Health benefits consultants said there is reason to worry about whether enough younger Americans have signed up due to the website issues early on that may have hurt enrollment.

In addition, slow signups in certain states that have continued to have more technical issues, such as Oregon, could trigger health plans to sustain greater losses and consider pulling out of the program, benefits consultants said.

“From an actuarial perspective, the fact that the rollout was poor hurt initial enrollment, and the recent extension of the transitional policies through October 2016 may likely keep many out of the single risk pool, at least for the short term,”  said Tammy Tomczyk, principal and consulting actuary with Oliver Wyman Consulting Actuaries.

So far, however, health insurance companies have said the enrollment is trending younger and there have been few surprises that would require them to pull out of the program.

Americans can still enroll through the end of this month for coverage in 2014. Under the law, millions of Americans can get a subsidy of up to $5,000 to purchase an array of health plan choices that include those sold by Blue Cross and Blue Shield plans, Aetna (AET), Cigna (CI), Humana (HUM), UnitedHealth Group (UNH), depending on the state.

Despite the technical issues that dogged the healthcare.gov website and prevented millions of Americans from signing up in October and much of November, benefits consultants said they always expected the enrollment to be slow.

“Six or seven million people doesn't sound like much in a population of 300 million, but when you consider that the majority of Americans gets their health insurance through employers, and another large chunk is covered by government programs like Medicare, Medicaid, and Tricare, you're left with 12 million covered in the Individual market and about 48 million uninsured pre-ACA,” said Helen Leis, partner in the health and life sciences practice group at Oliver Wyman, “Six or seven million of that is good uptake after less than six months. We expect to see about 22 million lives on the public exchanges by 2018.”
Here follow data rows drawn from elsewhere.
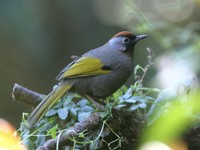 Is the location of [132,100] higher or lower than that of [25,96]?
lower

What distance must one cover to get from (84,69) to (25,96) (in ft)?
1.50

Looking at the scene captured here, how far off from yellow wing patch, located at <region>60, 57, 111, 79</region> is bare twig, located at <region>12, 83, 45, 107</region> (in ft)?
0.85

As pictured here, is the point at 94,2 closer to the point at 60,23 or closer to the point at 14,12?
the point at 60,23

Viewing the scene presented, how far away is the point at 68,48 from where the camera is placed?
A: 5.65 metres

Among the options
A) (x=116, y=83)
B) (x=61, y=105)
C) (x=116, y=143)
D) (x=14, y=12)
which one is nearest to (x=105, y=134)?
(x=116, y=143)

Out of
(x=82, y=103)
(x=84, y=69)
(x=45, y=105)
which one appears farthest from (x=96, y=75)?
(x=45, y=105)

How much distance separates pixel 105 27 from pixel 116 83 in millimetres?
2917

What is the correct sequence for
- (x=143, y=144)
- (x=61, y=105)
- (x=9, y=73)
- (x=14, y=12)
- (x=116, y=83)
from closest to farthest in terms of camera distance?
(x=143, y=144), (x=61, y=105), (x=116, y=83), (x=14, y=12), (x=9, y=73)

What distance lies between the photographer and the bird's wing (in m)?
2.57

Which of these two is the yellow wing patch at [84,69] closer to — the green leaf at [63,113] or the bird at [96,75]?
the bird at [96,75]

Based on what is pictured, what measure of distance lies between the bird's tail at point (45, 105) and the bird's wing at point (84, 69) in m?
0.12

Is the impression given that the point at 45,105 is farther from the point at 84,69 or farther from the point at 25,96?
the point at 84,69

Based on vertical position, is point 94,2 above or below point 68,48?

No matter how many have signed up, both sides of the political spectrum will spin the numbers to their own satisfaction, benefits executives say.

“The Administration is in a race to show that more people in the worst circumstances are benefiting,” said Helen Darling, president and chief executive officer of the National Business Group on Health, a coalition of 390 employers, including American Express (AXP), Boeing (BA), JPM Morgan Chase (JPM) and Pfizer (PFE). “The opponents are in a race to demonstrate that ‘Obamacare’ is another example of flawed public policy and execution that reminds everyone that if a government agency is in charge of health insurance for millions, what happens will end up looking like the US Postal Service. The exact numbers don’t matter as much as how the 2 warring groups spin what is going on.”